How many times have you made promises to someone? Definitely more than once! As parents it is really very easy to find ourselves in situations where we can make promises. Adults may consider them as trivial, and not particularly relevant phrases but in reality the saying “A promise is a promise” is absolutely true! If I make a promise, I'll keep it!
Children trust in that!
In the eyes of a child, or rather in their ears, Mum or Dad’s words are really important: if they are said by them it means that they’re absolutely true!
A child by nature trusts whatever their parents say unquestioningly; parents are great idols to imitate and their words are the truest in existence.
This trust towards parents arises naturally from the family relationship but over time it needs to be nourished in its purity, without deceit!

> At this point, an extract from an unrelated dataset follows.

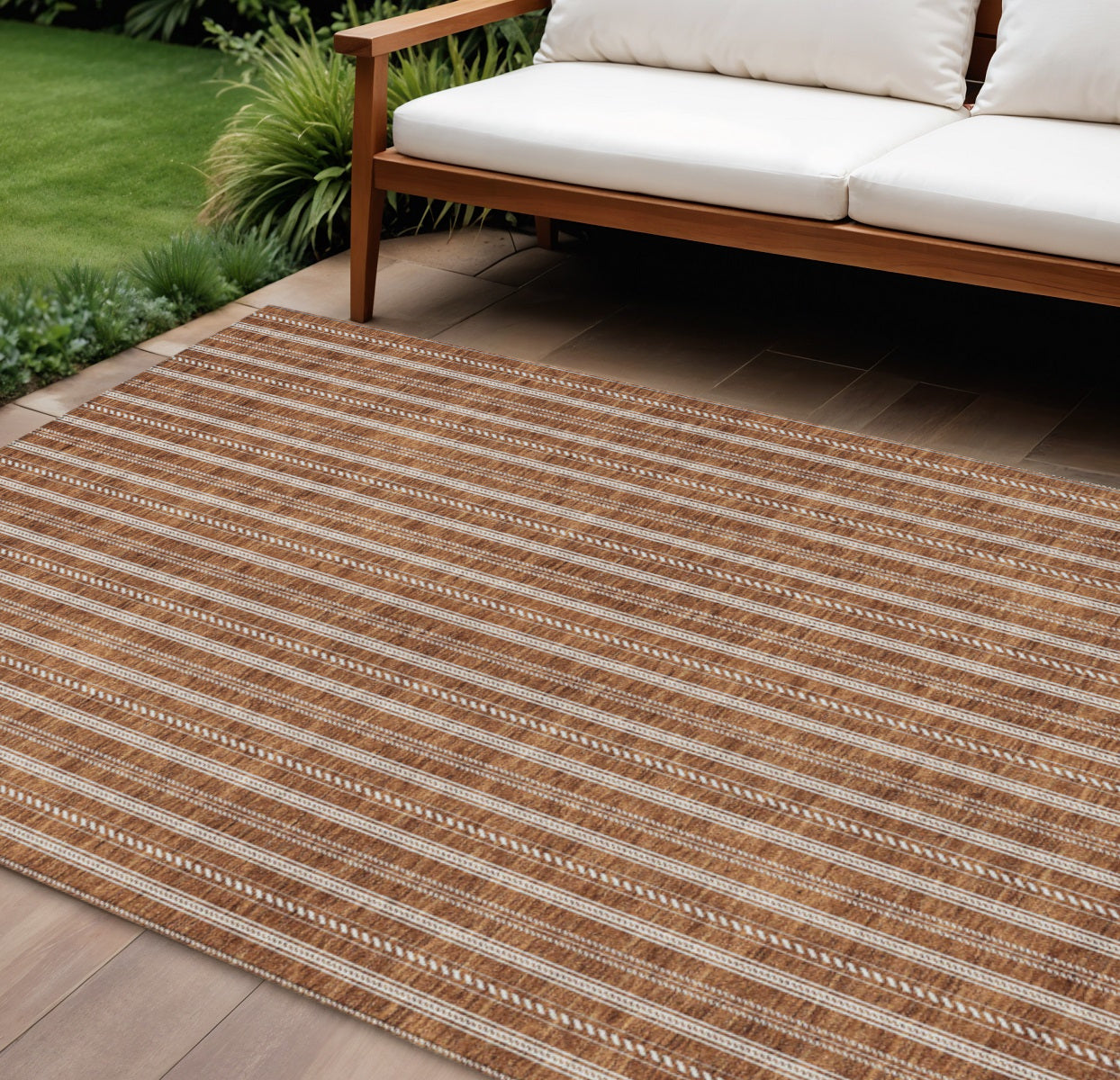 9' X 12' Terra Cotta And Ivory Striped Washable Indoor Outdoor Area Rug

Children do not need “white lies” or changes in reality, what matters is what happens: the closer our words get to actual reality, the more we will give our children a clear and concrete vision of the world around them.
A promise must always concern the sphere of reality, concerning the possible: an adult who promises something that cannot be fulfilled, ruins the sense of the promise as it is spoken and it becomes simply a handful of words.
Communication and trust
When we decide to tell a child something really important, when we seal a “pact” with them, when we cannot allow our words to be forgotten, or simply when we want to relate as effectively as possible, we can:
- Drop down to the child’s height, to say with our body that we are there for them;
- Seek eye contact, to communicate the importance of what we are about to say;
- Use a calm and serious tone, to confirm our choices;
- Choose a symbolic gesture (such as linking your little fingers) to seal “the pact” or make sure that the child will comply with the request.

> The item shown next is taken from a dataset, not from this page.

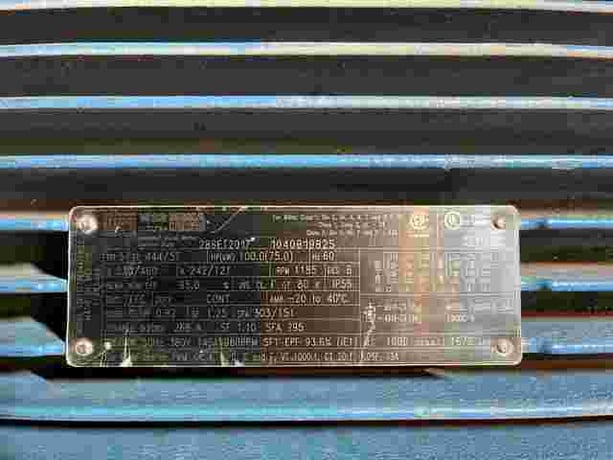100 HP 1185 RPM WEG #104081825, Frame 444/5T, TEFC, 230/460 Volts - Image 2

Promising is never something superficial, even when the subject in question does not represent anything too important. When we promise and keep what we have said, we allow our children to feel safe. And it is precisely this “bubble” of security that assists the growth of that feeling of confidence, of being able to do things alone, of knowing how the world works. The trust that children place in their parents is innate, profound and intimate and it is clear that the adult here has an essential task: to set an example.

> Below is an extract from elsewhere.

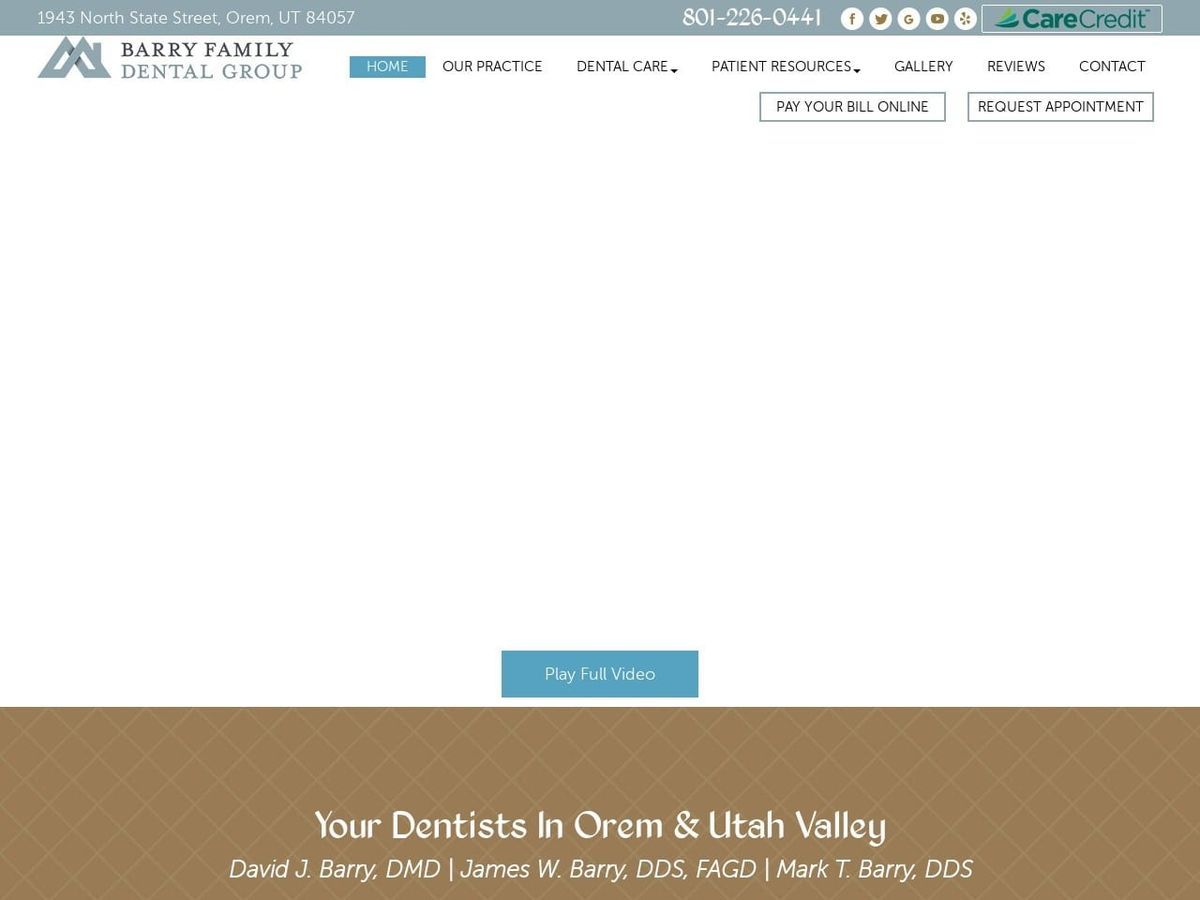 Barry Family Dental Group Website Screenshot from barryfamilydental.com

A promise is really a glue that unites and is indissoluble. In the words “I promise you” there is also a “I will do everything to make it so”: believing in this makes us invincible in the eyes of our children who, regardless of the result, will learn to always be able to count on us, as a team! Communicating firmly and gently what we can and want to do for our child is a way in which we tune in and create a unique and special interaction.
Making a promise: when should it be avoided?
It is essential that the words spoken are also kept: what is described by the terms of the promise must always be real and feasible. It is better to avoid phrases and situations that we do not have total control of, such as “today it is raining and we are bored but I promise you that it will be sunny tomorrow”; also avoid statements such as “I promise I’ll be home early from work tonight” if you do not know how your day will continue. Instead you can say “I'll do my best to be back soon!”
Remember that until children are about 6 years old, they struggle to differentiate what is actual reality from imaginary thoughts; what goes through their mind is not always well distinguished from what happens in reality. In addition, young children do not have such a clear perception of when an adult might be joking. And that is precisely why a reference to the real is always important.
A promise should not be a go-between to a reward or a punishment (“if you do not listen to me, tonight no cartoons"), those are effective educational tools only in the short term because they shift the focus of the action on the object of desire and do not allow the child to reflect on the motivations that move a given behaviour. Making a promise in order to obtain the actions we expect or want does not add value to this act, on the contrary it develops in the child the idea that, for every initiative that is appreciated by the adult, there will be a reward that can satisfy their desires; in this case the promise becomes a distraction and not an opportunity to strengthen the parent-child bond.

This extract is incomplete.